A candlelight vigil was held at the event, with six yellow candles lit by Holocaust survivors, accompanied by their children, grandchildren and great-grandchildren.

London Mayor Sadiq Khan had been expected to attend the event on Sunday evening but did not because of personal reasons.

Bronia Snow, 96, shared her story of leaving her parents behind to make a new home in the UK, marking the 85th anniversary this year of the kindertransport rescues.

The humanitarian rescue effort, which ran between November 1938 and September 1939, gave 10,000 children, most of them Jewish, safe passage to the UK from Nazi-controlled territory in Europe.

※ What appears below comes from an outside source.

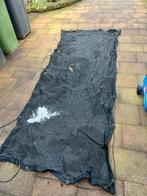 Fijnmazig aanhangwagen net 3 x 1,2 meter gebruikt, Ophalen of Verzenden, Gebruikt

Ms Snow arrived at the railway station in Prague on May 31, 1939, and found the platform was “teeming with parents and children and armed German soldiers”, adding she was “absolutely terrified”.

She said she boarded a train and cannot remember “speaking to anyone, eating anything or drinking anything”.

“I just seemed to be in a trance," Ms Snow said.

She crossed the border into Holland and was put on a boat to England, where she was taken to live with her mother’s cousin in Hampstead, London.

“I did not know a word of English but luckily had started to learn German at school so had a language which I could communicate,” Ms Snow said.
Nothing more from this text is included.